Exploring Relationships Between Variables#

So far, we have examined variables individually; their distributions, typical values, and unusual observations. The next step in exploratory analysis is to understand how variables interact.

Relationships between variables reveal structure in the data. They help us identify patterns, associations, and possible predictive signals.

However, relationships must be interpreted carefully. Association does not imply causation.

Visualizing Relationships#

The most common way to examine relationships between two numerical variables is a scatter plot.
Each point represents an observation, positioned according to its values on two variables.

import matplotlib.pyplot as plt
import seaborn as sns

sns.scatterplot(data=df, x="feature1", y="feature2")
plt.title("Relationship between feature1 and feature2")
plt.show()

What to look for:

  • upward trend → positive association

  • downward trend → negative association

  • clusters → subgroups

  • curved pattern → nonlinear relationship

  • no pattern → weak or no relationship

Comparing Groups#

When one variable is categorical and the other numeric, we compare distributions across groups.

sns.boxplot(data=df, x="category", y="numeric_value")
plt.title("Distribution across categories")
plt.show()

This reveals whether different groups behave differently.

Measuring Correlation#

Correlation quantifies the strength and direction of a linear relationship between numeric variables.

df[["feature1", "feature2"]].corr()

Correlation values range from:

  • +1 → perfect positive relationship

  • 0 → no linear relationship

  • −1 → perfect negative relationship

Remember: correlation measures association, not cause.

Multivariate Exploration#

Real-world phenomena rarely depend on only two variables.
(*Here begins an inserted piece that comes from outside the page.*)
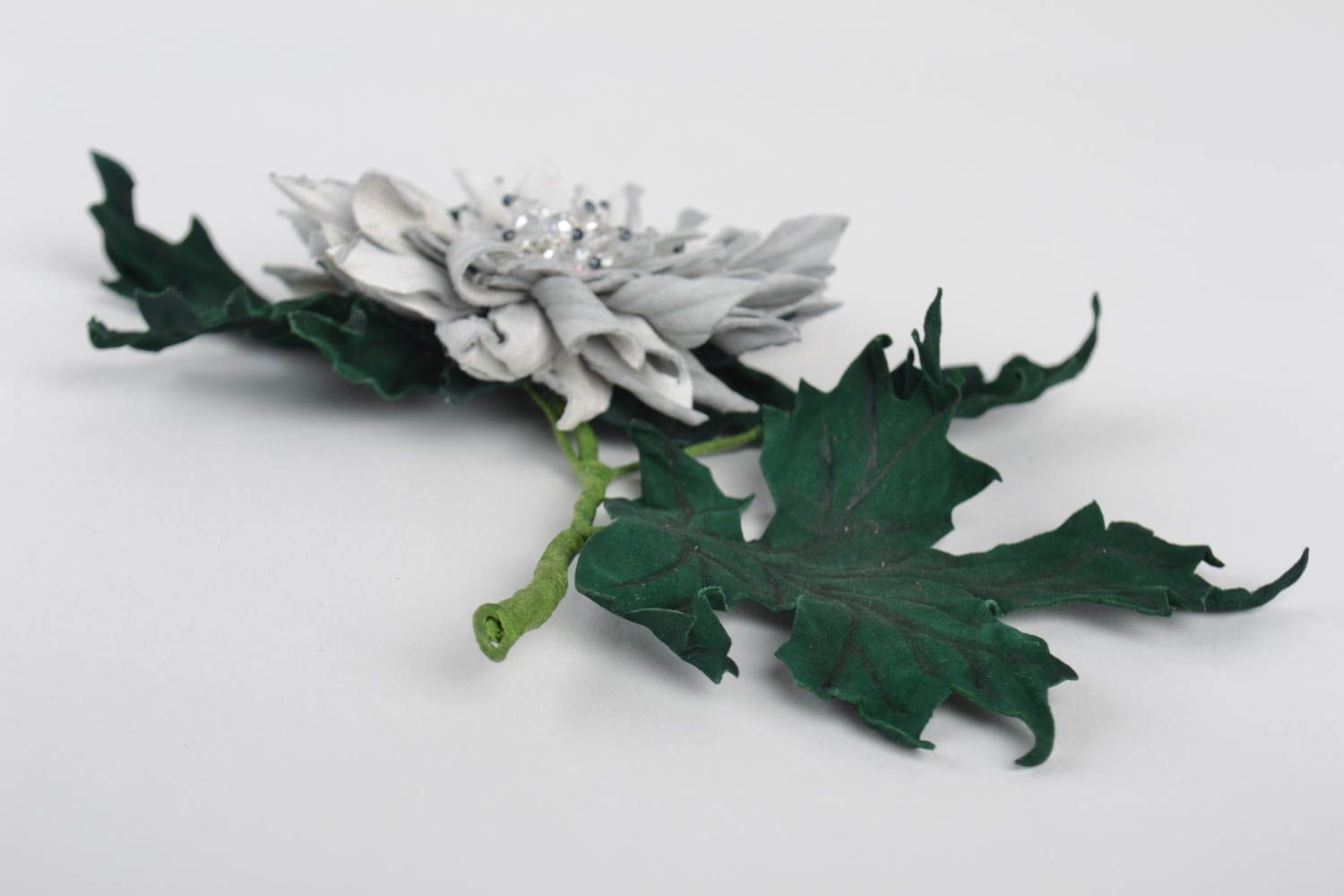 Кожаная брошь цветок аксессуар ручной работы украшение женское оригинальное фото 4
Multivariate exploration examines multiple variables simultaneously.

This helps reveal interactions, hidden groupings, and complex structure that pairwise analysis may miss.

Pairwise Relationships#

A pairplot visualizes relationships among many numeric variables at once.

sns.pairplot(df.select_dtypes(include="number"))

This shows:

  • distributions on the diagonal

  • pairwise scatter plots elsewhere

Patterns across multiple variables become visible.

Correlation Heatmap#

A heatmap provides a compact visual summary of correlations across many variables.

plt.figure(figsize=(8,6))
sns.heatmap(df.corr(numeric_only=True), annot=True, cmap="coolwarm")
plt.title("Correlation Heatmap")
plt.show()

This helps identify:

  • strongly related variables

  • redundant features

  • potential predictors

Why Multivariate Exploration Matters#

Many patterns only appear when several variables are considered together.
Multivariate analysis helps uncover interactions and structure that single-variable or pairwise analysis cannot reveal.